── Data provided ──
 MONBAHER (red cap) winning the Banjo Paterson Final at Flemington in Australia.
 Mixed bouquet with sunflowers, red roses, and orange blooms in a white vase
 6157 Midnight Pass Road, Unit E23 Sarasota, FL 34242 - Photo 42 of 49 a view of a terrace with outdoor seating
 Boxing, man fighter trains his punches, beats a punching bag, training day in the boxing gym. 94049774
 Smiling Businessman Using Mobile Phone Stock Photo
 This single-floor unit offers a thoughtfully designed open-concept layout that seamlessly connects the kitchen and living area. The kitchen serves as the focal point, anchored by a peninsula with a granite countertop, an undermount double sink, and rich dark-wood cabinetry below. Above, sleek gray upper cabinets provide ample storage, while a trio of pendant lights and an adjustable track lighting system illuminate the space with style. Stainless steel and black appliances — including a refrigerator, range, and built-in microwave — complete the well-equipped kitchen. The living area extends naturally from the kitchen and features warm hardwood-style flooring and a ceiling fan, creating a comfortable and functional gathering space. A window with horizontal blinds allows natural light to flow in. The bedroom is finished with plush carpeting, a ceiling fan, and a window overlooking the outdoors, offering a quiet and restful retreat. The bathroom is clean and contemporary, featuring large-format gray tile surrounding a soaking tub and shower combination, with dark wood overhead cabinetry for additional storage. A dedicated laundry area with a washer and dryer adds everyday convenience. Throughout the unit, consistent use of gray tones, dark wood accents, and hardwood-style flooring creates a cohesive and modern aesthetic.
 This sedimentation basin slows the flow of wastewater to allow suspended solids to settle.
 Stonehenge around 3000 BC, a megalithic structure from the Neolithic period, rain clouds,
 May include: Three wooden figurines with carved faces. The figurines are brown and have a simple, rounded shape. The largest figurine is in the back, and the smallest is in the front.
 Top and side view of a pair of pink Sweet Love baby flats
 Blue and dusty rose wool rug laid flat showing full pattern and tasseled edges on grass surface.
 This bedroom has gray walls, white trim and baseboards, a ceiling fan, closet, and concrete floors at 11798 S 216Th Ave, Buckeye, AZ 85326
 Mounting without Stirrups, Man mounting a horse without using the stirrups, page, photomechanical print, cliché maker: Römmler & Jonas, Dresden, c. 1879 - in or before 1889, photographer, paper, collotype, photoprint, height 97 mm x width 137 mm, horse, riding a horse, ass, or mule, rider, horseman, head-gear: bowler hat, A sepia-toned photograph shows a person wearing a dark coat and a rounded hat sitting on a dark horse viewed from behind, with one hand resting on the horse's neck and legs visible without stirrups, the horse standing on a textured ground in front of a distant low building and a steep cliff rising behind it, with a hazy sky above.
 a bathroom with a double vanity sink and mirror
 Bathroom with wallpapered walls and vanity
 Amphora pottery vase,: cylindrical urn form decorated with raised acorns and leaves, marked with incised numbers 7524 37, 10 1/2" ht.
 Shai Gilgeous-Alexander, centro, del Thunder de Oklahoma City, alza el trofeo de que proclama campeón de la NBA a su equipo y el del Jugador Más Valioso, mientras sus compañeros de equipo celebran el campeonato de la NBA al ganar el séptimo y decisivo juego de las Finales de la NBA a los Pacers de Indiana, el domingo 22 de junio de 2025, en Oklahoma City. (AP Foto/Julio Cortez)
───
Work out how many lines in this data contain "vanity". Only that number should be given.

2